Les intervenants ont déploré de voir les piétons et cyclistes traités comme des «usagers résiduels», notant par exemple que les aménagements piétonniers qui étaient prévus pour le nouvel échangeur Turcot sont maintenant disparus, bien qu'ils ne représentaient qu'une fraction minime du coût de 4 milliards $ du projet.

«Ça se passe chaque fois qu'on fait des travaux: on voit le projet annoncé avec des aménagements piétons et cyclables et après, finalement, c'est coupé. Pourquoi? Parce qu'on nous dit que c'est trop cher, alors qu'on parle de montants infimes», a déploré M. Gravel.

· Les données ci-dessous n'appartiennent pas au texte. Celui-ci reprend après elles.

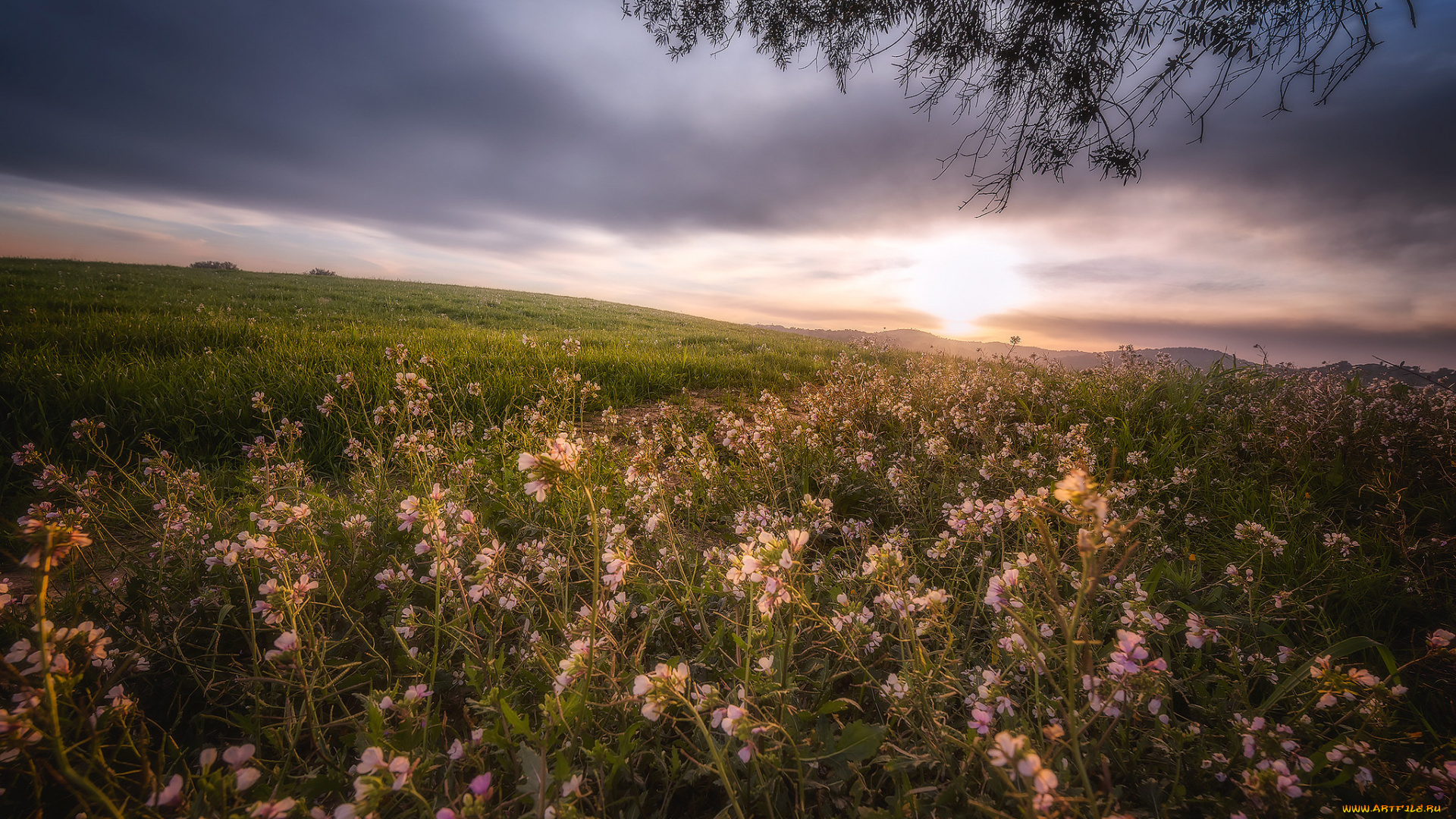 природа, восходы, закаты, рассвет
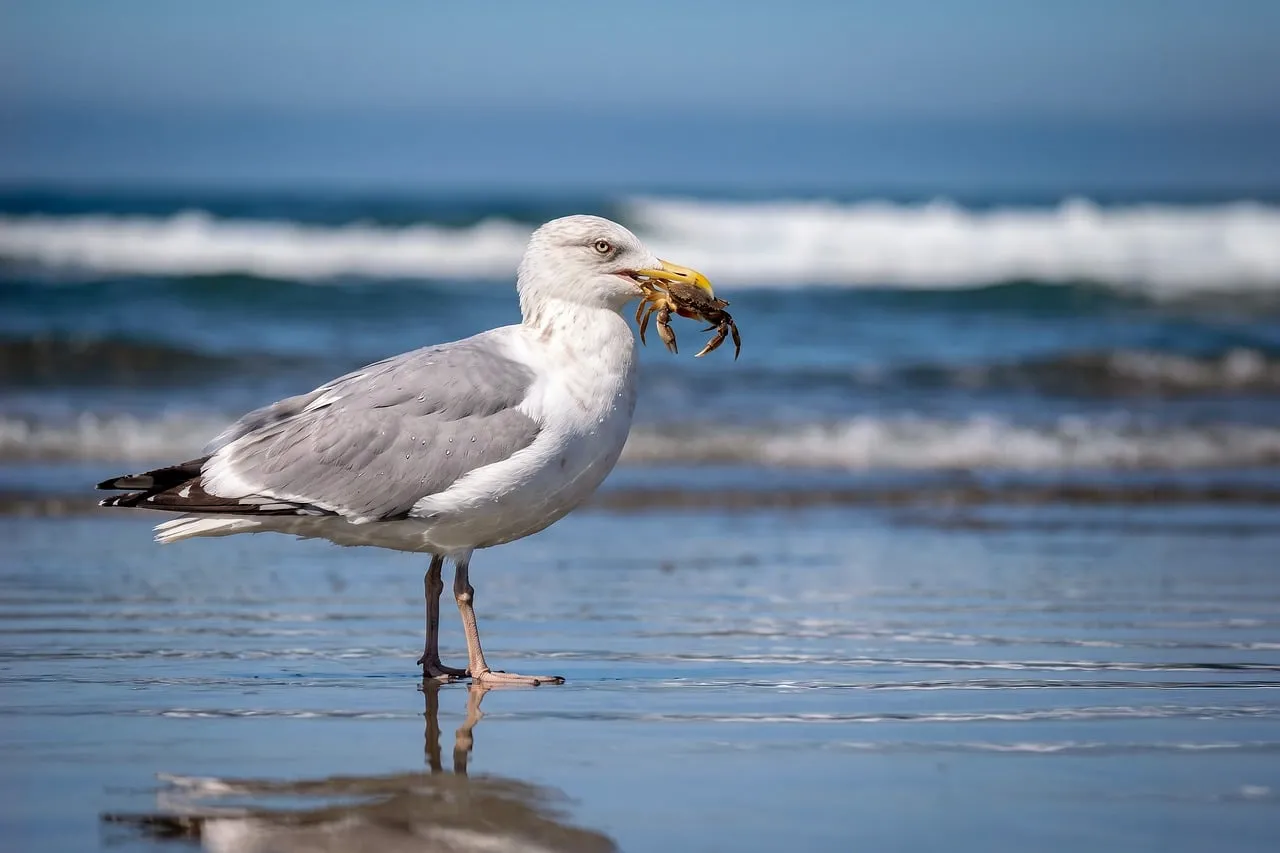 Dramatic Moment: Seagull Captures Crab on Sunny Beach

Les organismes réclament que 5 pour cent des budgets alloués en infrastructures de transport soient consacrés à la mise en place de pistes cyclables et à des aménagements des rues, trottoirs et intersections pour accroître la sécurité des piétons et cyclistes.

Suzanne Lareau, présidente et directrice générale de Vélo Québec, a rappelé que les rues n'ont pas une géométrie variable et qu'il faut repenser leur utilisation en fonction de l'espace disponible pour y inclure un espace cycliste et piétonnier sécuritaire et convivial, ce qui implique des compromis de la part des automobilistes.

«Est-ce que je dois retirer une voie de stationnement ou est-ce que je dois retirer une voie de circulation? Ce sont là les choix qu'on doit faire», a-t-elle souligné.

À l'autre bout du spectre, le docteur Éric Notebaert, de l'Association canadienne des médecins pour l'environnement, a avancé des propositions visant à décourager l'usage de l'automobile.

«Limiter l'extension du réseau routier, limiter les places de stationnement de façon sévère, augmenter le coût du stationnement, augmenter les droits d'immatriculation - particulièrement pour les VUS - et même considérer un tarif d'entrée dans les villes», a-t-il énuméré parmi les moyens à envisager.

Les organismes saluent le discours procycliste de la Ville de Montréal, mais déplorent qu'il ne se traduise que de manière parcellaire dans les faits: en 2008, la métropole s'était engagée à allonger le réseau cyclable de 400 kilomètres en cinq ans, mais n'a pu faire mieux que 30 à 40 kilomètres par année, alors que le réseau de 700 kilomètres, selon eux, devrait être doublé pour être fonctionnel.

Ils font valoir que toute augmentation du transport actif se traduit par une diminution de la pollution et des gaz à effet de serre et une amélioration de la santé de la population, notamment au chapitre de l'obésité.

Ils soulignent que la ville de Montréal prévoit des travaux durant plusieurs années et estiment qu'il s'agit d'une occasion unique de réaliser des pas importants en ce sens, si les décideurs sont prêts à faire les choix qui s'imposent.

«Quand on refait des artères à Montréal, il faut penser à tous les usagers de la route», a indiqué Mme Lareau.